RECAP: Home Visit

“The making of Home Visit represented for me a process of catharsis”

For director Annamaria Craparotta, the three-minute autobiographical, reflexive and interactive film Home Visit has significant meaning, as it frames a life-changing moment she was facing.

“The making of this film had a crucial importance for me,” Annamaria says. “It answers my need to tell what I had never said about myself and at the same time, it contributed to making me aware of my identity in relation to my cultural heritage.”

“The film reveals the moment she began her first relationship with a woman at 32 years old and highlights two aspects of this life-changing moment. The personal, about her own sexuality and the cultural, about her Sicilian roots and traditional family environment. One which expected her to follow a conventional path, find a male partner, marry and have kids.

“The main question for me as a filmmaker was about how to capture this personal change, and especially how to frame myself and my feelings changing in this crucial phase of my personal life,” says Annamaria. “The film belongs to the autobiographical genre – a genre that, especially for women filmmakers, because of some of its intrinsic characteristics such as low budget production and privileged access to the domestic environment, had a substantial role in women’s empowerment, opening a window to the female authors’ gaze.”

In creating her film, Annamaria looked at some examples of documentaries made by Chantal Akerman which focus on domestic ethnography, such as No Home Movie, News from Home or even Jeanne Dielman, 23, Quai du Commerce, 1080 Brussels – considered the first masterpiece of the feminine in the history of the cinema – the domestic reveals a hierarchy of images and relates to the place of women within the social hierarchy: “Woman’s work comes out of oppression and whatever comes out of oppression – in the sense of “You have to be” in order to exist – is more interesting”*

“In this case,” says Annamaria.”My film portrays the expected place of a woman in Sicilian culture, in contrast to my personal and diverse narrative.”

“In order to represent my culture, I went back home to Sicily to visit my grandmother, the person that helped to raise me when I was a child. I wanted to film a conversation between my grandmother and me – the closest example of a traditional Sicilian woman I had in my family and consequently, a good subject to introduce my personal conflict within my traditional culture.”

Annamaria’s whole film takes place in one room: her grandmother’s kitchen, where after coming back from London, she invites her for lunch. 

“My grandmother’s house was of central importance during my childhood years, as a favourite meeting place for my family. It is an archetypal place, as it brings to our mind memories that we all have might have in common – a place that I described through the use of close up of objects within portions of space, referring to the still-lifes of Sicilian and Italian painters such as Renato Guttuso and Michelangelo Caravaggio. I was filming a place that after thirty years has remained the same, in antithesis to my comings and goings, to my outward and inner movement.”
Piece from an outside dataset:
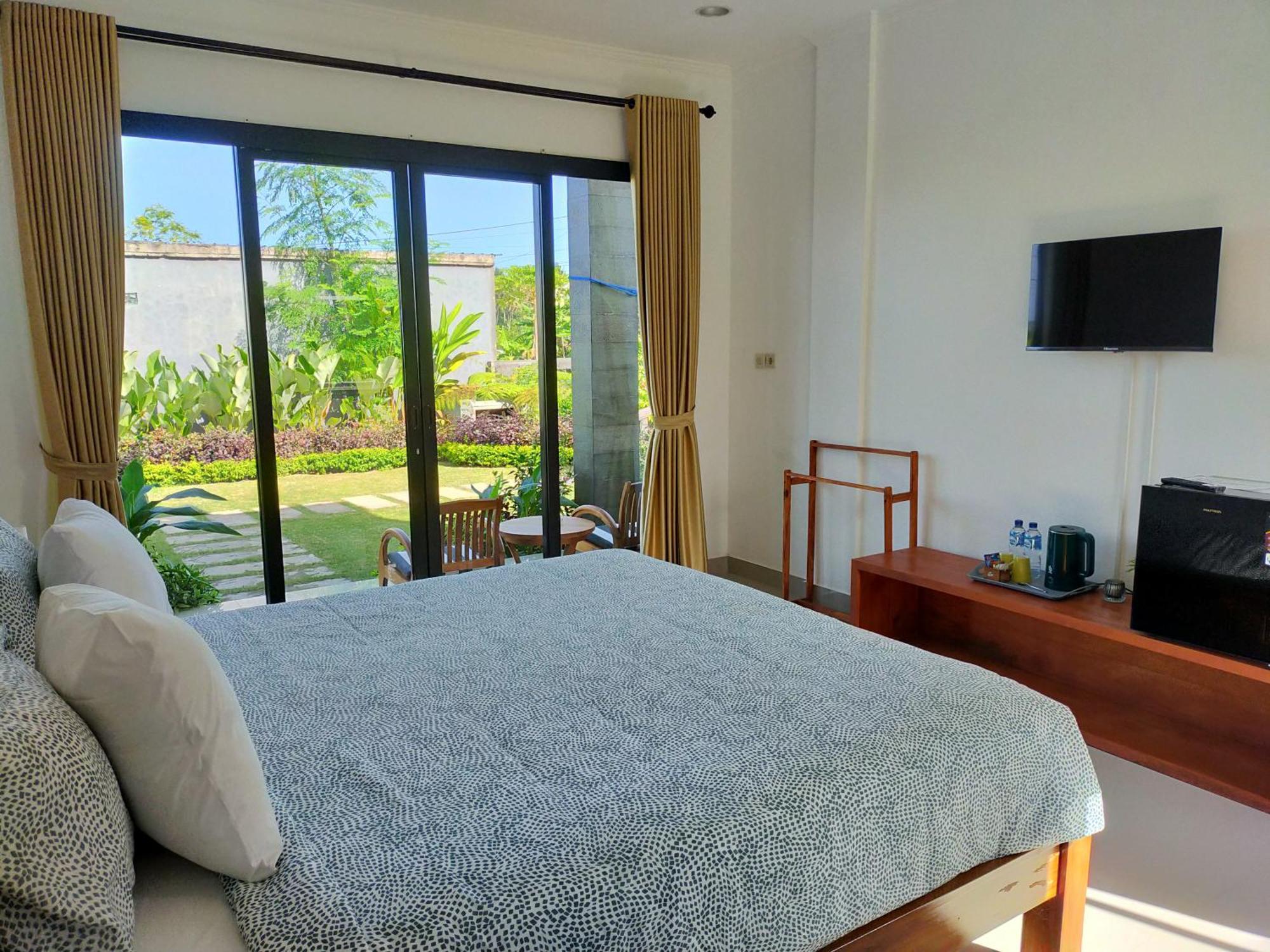 Limun Guesthouse Amlapura 外观 照片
The film proceeds on a double track, a conversation between Annamaria and her grandmother, as a way to show Annamaria’s cultural background and Annamaria’s voice-over, as a way to express her inner thoughts and feelings about my new relationship with a woman.

“In her kitchen, my grandmother prepared for me ova chini [a Sicilian traditional dish of omelettes filled with breadcrumbs, raisin and pine nuts, cooked in tomato sauce], which was my favourite dish as a child. The moment of our lunch is at the centre of Home Visit,” says Annamaria. “In Sicilian culture, food is the favourite vehicle to introduce social interactions as well as a way of spending time together, especially with family and friends. This invitation is a way for my grandmother not only to spend time with me but also to have the chance to ask me some very uncomfortable questions about my personal life such as finding a partner, marriage intentions and plans for having children. The conversation with my grandmother has the aim of highlighting the oppressive traits of my culture in this moment of coming out.” 

In about a minute’s conversation, some specific traits belonging to Annamaria’s Sicilian culture are described. The role of women and the importance of making a family, the importance of finding a male partner and the need of having children as a way to legitimise a woman’s existence.

“While my voice is my way of guiding the whole film, I never appear in the pictures. This way of preferring the voice-over instead of my presence in the images has the function of strengthening the narration,” explains Annamaria. “My voice-over coincides in fact with my point of view as an omniscient internal narrator, who knows all about the story.”

“The making of Home Visit represented for me a process of catharsis,” concludes Annamaria. “Intended as expression and liberation through a poetic autobiographical filmic representation, as well as a way to contact and understand the deeper aspects of my psychological and existential reality.”

*Wakeman John. World Film Directors, Volume 2. The H. W. Wilson Company. 1988. pp. 4, 5.